So I've been trying to make sense of the clustering algorithm on page 6 of this paper.
Are the "first" k eigenvalues they refer to the smallest eigenvalues?
What are the $y_i$ exactly? I don't see the motivation for using them.
If anyone could link other literature or explain how/why the first eigenvectors are being used, that would be great.
On
The reasons are already explained later in (Luxburg 2007).
You can find more insight about the motives for using $\mathbf y_i$ in (Belkin et al. 2003). Basically, eigenvectors $\mathbf u_1, \dots, \mathbf u_n$ are functions that map the manifold of the graph to real lines. If $\mathbf f$ is such a function, then $\mathbf f^\top \mathbf L \mathbf f = \frac{1}{2} \sum_{i,j=1}^n \mathbf W_{ij}(\mathbf f_i - \mathbf f_j)^2$ provides an estimate of how far nearby points will be mapped by $\mathbf f$. When $\mathbf f$ is an eigenvector of $\mathbf L$, then $\mathbf f^\top \mathbf L \mathbf f$ is the eigenvalue $\lambda_i$.
Also, the distances computed from the kernel obtained by the moore-penrose pseudo-inverse of the unnormalized Laplacian $\mathbf L=\mathbf D-\mathbf W$, where $\mathbf W$ is the adjacency matrix of the graph and $(\mathbf D)_{ii}=\sum_{j=1}^n \mathbf W_{ij}$, are equal to the commute time distances in the graph.
In particular, since $\mathbf L^\dagger = \mathbf {U\Lambda^\dagger U^\top}$, where $\mathbf U=\begin{pmatrix}\mathbf u_2 & \dots & \mathbf u_n\end{pmatrix}$ and $(\Lambda)_{ii}=\lambda_i$ for $0 = \lambda_1\leq \lambda_2\leq\dots\leq\lambda_n$, you can write $\mathbf L^\dagger=(\mathbf {U\Lambda^{-1/2}})(\mathbf {U\Lambda^{-1/2}})^\top$. So, the rows of $\mathbf {U\Lambda^{-1/2}}$ are vectors featuring the nodes of your original graph in an euclidean continuous space, where distances are equal to the commute time distances in the graph.
The commute time distances are related to random walks. The commute time distance between node $v_i$ and node $v_j$ is equal to the expected number of steps required to go from $v_i$ to $v_j$ and come back to $v_i$ using a random walk (which are assumed to be markov chains). Using a random walk, you have a higher probability to stay within the same cluster, than to leave it. Hence, the commute time distances are greater for nodes within different clusters than they are for nodes within the same cluster.
We usually remove the scale on the axis $\mathbf {\Lambda^{-1/2}}$, because of another result, explain in (Luxburg 2007). Basically, the smallest $k$ eigenvectors are forming the components indicator, when the graph is disconnected into $k$ components.

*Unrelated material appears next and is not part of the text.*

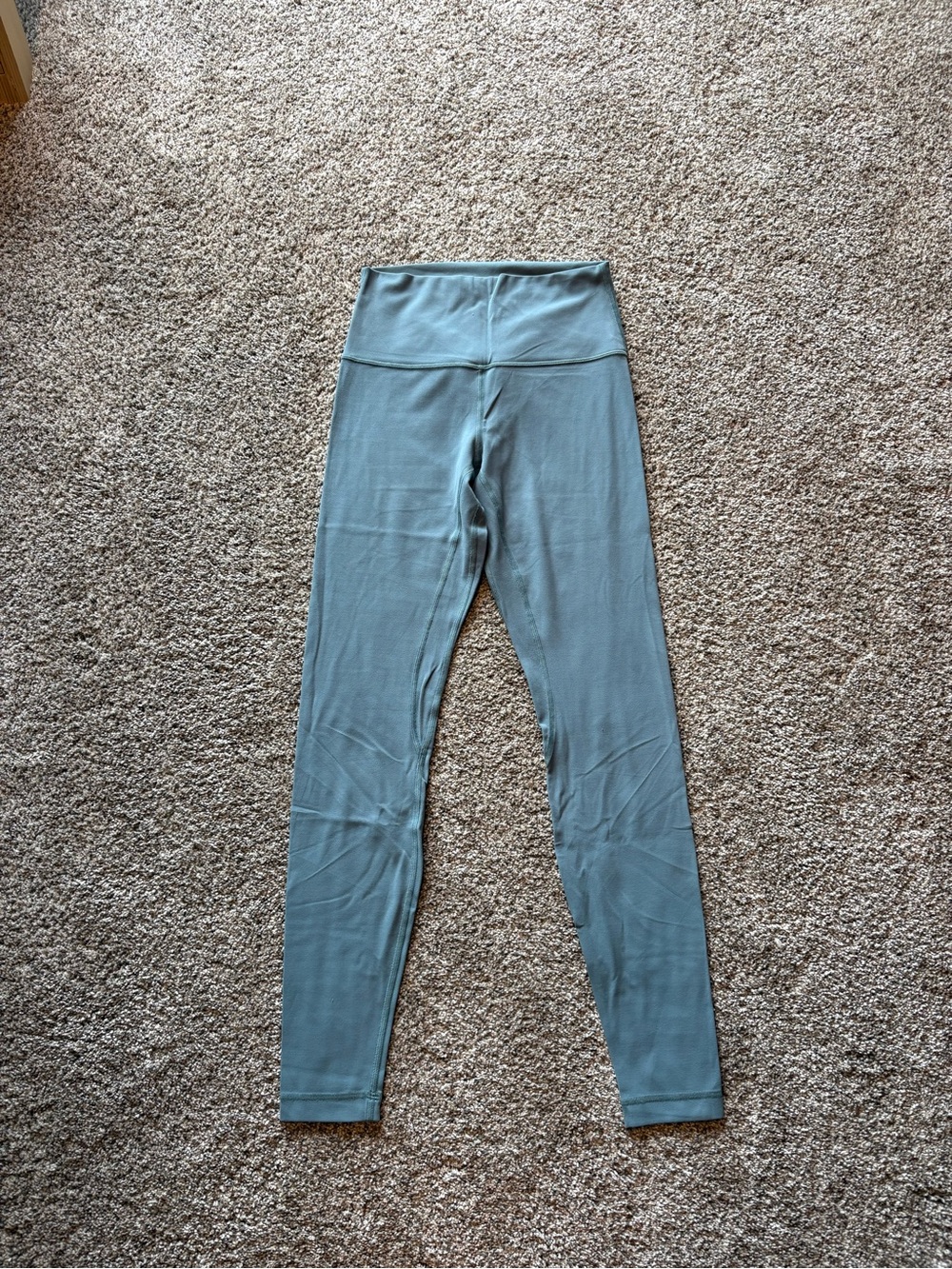 lululemon athletica align legging 25” - Sage Green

From here, there is some discussion about pertubation matrix theory, which states that if the perturbation is not too large, then the eigenvalues/eigenvectors should not change that much either.
And voila, you have your heuristic. Which is a loose one, don't forget that. There is no bound on how good your approximation is w.r.t. the optimal graph cut.
Notice that $\mathbf u_i \neq \mathbf y_i$ even if the Laplacian you're using is not symmetric.
Yes the eigenvalues are the first $k$ smallest eigenvalues, starting from the eigenvalue zero. The vectors $y_i$ are the rows of the matrix $U$ where the columns of $U$ are the eigenvectors $u_1, u_2, \ldots$ of the Laplacian.
For the symmetric Laplacian $L$, $y_i$ and $u_i$ are the same. For the non-symmetric Laplacian $L_{rw}$ people often talk about left or right eigenvectors. The author probably tried to avoid defining left eigenvectors and used $y_i$ instead.
As far as I know, the reason why the eigenvectors of the Laplacian are so good at revealing clustering and partitioning properties of complex systems is not very well understood. The intuition behind using the first eigenvectors is best understood using an analogy from physics. The eigenvectors of the Laplacian can be though of as the vibration modes of a drum skin. The eigenvector $u_1$ of the to the lowest eigenvalue corresponds to the ground state. The first eigenvector $u_1$ corresponds to the first harmonic, dividing the drum skin into half and so on.